Dass im Gegensatz zur Lampe eine Uhr keinesfalls eine Uhr bleiben muss, führen Breaded Escalope mit ihrem Objekt "Your Clock" aus der Familie ihrer "Inefficient Objects" vor. Dabei handelt es sich um sogenannte Faltblatt-Uhren aus den 1970er-Jahren. Mittels eines Schnürls lässt sich die Zeitmessung der Uhr stoppen. Das heißt: Nicht die Uhr diktiert dem Menschen die Zeit, sondern umgekehrt. Man könnte auch sagen, man entscheidet selbst, wie lange ein Moment dauert, was im Falle einer Verschnaufpause durchaus zu einer bewussteren Wahrnehmung von Vergänglichkeit oder eben des Augenblicks an sich führen könnte. Zieht man abermals an der Schnur, stellt die Uhr wieder auf die reale Zeit zurück. Der Faltblattmechanismus scheint dafür besonders geeignet, da dieser auch akustisch zu verstehen gibt, dass man Zeit zwar ignorieren, aber halt doch nicht aufhalten kann. Geplant ist eine Serie von 24 Stücken dieses Anti-Hektomaten.
Zentrifugalkraft
Einzelstücke, made by Zentrifugalkraft, sind die Sitzobjekte aus der Serie "Original Stool", mit der die Dreierbande zum ersten Mal in der Szene aufhorchen ließen. Auch bei diesem Projekt namens liegt die Essenz in erster Linie in der Objektwerdung: In das Innere einer Fiberglaskugel von der Größe eines Gymnastikballes wird eine Art Beutel aus Silikon montiert, der ein wenig an ein Kuheuter erinnert. Über eine Öffnung in der Kugeloberfläche gelangt Polyurethanharz in den Beutel. Das Harz härtet innerhalb von fünf Minuten aus. Es geht also flugs zur Sache. Form und Farbe des künftigen Objekts werden durch die Fliehkraft bestimmt, und die kommt nicht von allein. Breaded Escalope ziehen die Kugel gleich einem verspielten Hund hinter sich her, werfen ihn eine Wiese hinab, binden ihn an ein Seil und schmeißen ihn in einen Bach.

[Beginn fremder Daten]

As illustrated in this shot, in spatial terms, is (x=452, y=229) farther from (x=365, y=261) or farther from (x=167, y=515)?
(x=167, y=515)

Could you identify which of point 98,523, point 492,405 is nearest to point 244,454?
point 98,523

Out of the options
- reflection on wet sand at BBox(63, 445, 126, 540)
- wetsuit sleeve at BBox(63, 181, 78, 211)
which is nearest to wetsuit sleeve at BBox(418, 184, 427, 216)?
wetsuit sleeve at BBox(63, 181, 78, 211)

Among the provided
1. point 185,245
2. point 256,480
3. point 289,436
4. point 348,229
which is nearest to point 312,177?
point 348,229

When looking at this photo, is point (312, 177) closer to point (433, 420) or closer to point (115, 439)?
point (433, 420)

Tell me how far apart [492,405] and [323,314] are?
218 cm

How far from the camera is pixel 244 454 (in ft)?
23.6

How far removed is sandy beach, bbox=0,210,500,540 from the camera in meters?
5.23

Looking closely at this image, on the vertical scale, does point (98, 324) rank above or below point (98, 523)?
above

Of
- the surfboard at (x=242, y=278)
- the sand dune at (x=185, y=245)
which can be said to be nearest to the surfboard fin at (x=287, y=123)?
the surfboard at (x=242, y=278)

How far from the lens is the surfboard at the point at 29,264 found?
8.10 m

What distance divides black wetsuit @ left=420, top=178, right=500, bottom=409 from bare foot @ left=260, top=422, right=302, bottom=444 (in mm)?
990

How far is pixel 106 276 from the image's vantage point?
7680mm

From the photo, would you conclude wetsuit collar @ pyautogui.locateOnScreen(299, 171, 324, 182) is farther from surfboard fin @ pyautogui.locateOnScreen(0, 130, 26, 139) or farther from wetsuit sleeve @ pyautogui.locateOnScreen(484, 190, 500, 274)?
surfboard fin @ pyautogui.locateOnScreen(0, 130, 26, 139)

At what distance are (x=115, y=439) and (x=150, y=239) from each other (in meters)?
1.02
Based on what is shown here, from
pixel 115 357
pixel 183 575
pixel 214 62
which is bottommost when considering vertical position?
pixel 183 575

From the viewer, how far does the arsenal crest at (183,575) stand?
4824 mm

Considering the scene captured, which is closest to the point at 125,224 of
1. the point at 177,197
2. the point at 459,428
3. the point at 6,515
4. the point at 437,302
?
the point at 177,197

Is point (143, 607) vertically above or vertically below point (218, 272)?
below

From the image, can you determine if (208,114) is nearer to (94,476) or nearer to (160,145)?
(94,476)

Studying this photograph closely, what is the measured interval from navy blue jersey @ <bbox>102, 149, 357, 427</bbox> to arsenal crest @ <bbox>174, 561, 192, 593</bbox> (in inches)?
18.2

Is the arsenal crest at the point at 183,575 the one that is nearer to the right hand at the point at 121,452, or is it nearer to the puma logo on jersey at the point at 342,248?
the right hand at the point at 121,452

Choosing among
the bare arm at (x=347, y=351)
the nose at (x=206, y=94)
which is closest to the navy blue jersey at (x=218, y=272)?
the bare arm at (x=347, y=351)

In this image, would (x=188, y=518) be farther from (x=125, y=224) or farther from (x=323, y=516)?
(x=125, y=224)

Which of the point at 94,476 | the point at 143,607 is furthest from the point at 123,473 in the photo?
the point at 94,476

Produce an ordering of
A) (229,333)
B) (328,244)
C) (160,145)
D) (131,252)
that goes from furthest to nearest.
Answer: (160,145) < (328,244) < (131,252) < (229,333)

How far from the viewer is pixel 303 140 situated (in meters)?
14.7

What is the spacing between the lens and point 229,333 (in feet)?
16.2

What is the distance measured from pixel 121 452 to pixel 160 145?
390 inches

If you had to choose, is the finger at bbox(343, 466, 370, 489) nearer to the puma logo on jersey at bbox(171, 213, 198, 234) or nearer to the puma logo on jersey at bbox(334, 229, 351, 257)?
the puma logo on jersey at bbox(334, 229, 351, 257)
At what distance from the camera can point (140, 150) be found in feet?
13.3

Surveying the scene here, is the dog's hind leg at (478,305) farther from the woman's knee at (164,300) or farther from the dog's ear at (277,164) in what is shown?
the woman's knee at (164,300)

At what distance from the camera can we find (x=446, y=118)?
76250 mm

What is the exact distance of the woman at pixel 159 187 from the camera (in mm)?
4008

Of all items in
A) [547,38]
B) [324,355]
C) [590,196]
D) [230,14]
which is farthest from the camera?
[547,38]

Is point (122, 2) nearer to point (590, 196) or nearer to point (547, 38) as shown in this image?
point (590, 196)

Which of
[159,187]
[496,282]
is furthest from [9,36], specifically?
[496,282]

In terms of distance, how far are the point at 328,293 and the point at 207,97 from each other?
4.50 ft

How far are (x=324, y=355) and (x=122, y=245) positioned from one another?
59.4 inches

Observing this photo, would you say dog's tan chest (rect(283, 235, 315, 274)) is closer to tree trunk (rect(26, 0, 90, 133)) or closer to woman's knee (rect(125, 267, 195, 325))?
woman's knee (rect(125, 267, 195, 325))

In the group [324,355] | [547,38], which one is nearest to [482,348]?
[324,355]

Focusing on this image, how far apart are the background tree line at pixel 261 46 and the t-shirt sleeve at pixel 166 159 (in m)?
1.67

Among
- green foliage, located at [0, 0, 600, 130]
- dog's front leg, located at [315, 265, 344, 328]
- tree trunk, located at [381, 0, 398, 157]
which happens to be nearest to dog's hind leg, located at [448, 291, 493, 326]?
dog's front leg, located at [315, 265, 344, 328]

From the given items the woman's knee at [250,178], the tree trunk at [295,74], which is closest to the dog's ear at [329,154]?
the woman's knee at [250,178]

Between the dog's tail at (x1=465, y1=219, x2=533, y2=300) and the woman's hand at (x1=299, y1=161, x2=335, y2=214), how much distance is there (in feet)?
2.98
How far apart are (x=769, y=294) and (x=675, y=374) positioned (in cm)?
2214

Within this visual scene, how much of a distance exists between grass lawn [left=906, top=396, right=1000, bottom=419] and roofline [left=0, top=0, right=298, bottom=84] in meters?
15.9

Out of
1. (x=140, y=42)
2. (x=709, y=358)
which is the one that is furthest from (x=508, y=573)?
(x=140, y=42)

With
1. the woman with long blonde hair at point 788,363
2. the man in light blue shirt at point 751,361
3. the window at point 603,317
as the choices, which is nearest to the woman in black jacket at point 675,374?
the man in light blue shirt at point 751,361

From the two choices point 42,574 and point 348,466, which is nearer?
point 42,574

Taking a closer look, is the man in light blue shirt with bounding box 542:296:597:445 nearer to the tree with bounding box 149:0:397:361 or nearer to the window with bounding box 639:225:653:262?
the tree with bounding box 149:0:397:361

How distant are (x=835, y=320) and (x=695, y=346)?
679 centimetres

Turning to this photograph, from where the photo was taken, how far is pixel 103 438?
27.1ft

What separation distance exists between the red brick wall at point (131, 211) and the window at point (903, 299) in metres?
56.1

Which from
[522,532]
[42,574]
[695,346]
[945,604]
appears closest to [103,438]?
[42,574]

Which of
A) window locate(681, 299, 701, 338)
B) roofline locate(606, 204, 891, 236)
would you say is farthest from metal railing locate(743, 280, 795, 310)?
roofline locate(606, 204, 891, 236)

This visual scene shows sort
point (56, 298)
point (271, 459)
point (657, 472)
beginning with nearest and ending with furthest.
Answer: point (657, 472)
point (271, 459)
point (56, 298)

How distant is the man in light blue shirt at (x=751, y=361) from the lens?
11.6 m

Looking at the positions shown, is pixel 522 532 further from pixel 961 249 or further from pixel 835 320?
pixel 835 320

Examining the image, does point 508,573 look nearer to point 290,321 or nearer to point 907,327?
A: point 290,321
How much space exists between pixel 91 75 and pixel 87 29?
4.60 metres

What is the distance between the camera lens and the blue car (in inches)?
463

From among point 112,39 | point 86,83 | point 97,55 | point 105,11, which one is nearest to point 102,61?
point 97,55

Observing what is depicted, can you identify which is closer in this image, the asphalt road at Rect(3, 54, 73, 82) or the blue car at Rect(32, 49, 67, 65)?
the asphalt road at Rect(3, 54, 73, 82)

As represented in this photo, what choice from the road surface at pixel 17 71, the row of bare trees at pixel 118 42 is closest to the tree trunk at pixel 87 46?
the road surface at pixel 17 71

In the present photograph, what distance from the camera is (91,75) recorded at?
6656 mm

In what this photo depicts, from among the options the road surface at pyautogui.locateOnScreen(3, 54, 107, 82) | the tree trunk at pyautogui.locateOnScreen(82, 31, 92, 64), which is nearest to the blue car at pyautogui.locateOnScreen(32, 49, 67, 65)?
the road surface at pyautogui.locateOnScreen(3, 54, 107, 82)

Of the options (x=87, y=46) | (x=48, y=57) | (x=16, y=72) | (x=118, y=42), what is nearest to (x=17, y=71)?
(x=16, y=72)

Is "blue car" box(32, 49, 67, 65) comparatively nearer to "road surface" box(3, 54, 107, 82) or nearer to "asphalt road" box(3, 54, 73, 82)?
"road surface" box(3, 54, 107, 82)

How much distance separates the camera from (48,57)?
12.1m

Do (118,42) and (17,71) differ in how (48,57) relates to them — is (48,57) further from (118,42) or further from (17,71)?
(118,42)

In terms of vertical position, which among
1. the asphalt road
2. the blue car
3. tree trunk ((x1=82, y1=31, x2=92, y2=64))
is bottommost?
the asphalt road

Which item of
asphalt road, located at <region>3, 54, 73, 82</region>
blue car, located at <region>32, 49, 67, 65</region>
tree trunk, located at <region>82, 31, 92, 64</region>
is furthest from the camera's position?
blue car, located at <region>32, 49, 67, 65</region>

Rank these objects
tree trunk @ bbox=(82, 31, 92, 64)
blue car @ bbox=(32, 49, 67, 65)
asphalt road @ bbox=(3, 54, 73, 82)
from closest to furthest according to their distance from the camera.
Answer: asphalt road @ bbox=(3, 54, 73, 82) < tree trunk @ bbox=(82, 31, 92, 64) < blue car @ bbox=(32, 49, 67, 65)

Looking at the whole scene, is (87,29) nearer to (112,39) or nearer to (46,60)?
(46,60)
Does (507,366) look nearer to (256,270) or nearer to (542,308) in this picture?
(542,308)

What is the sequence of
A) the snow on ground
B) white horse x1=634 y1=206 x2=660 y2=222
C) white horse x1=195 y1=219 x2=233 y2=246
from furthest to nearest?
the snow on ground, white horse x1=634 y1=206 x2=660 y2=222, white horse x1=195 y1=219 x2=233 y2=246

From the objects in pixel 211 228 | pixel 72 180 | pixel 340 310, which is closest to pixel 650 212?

Sie lassen Kinder damit spielen, rollen ihn einen Vulkankrater hinunter und so weiter und so fort. Weg und Zeit werden sozusagen zu den eigentlichen Formgebern dieses Hockers. Jeder ist anders. Ort, Feuchtigkeit und Temperatur beeinflussen die Form ebenso wie die Bewegung. Die Gestalter sprechen in diesem Zusammenhang von sozialer Nachhaltigkeit, von einer Ebene, welche die Lebensdauer eines Objektes verlängert. "So einen Stuhl, den du mit deinen Kindern auf einem Waldspaziergang gemacht hast, wirfst nimma weg", ist sich Michael Tatschl sicher. Apropos Spaziergang: Tatschl kam vor kurzem am Grab Michael Thonets auf dem Wiener Zentralfriedhof vorbei. Von irgendwelchen rotierenden Geräuschen will er nichts gehört haben. (Michael Hausenblas, Rondo, DER STANDARD, 11.5.2012)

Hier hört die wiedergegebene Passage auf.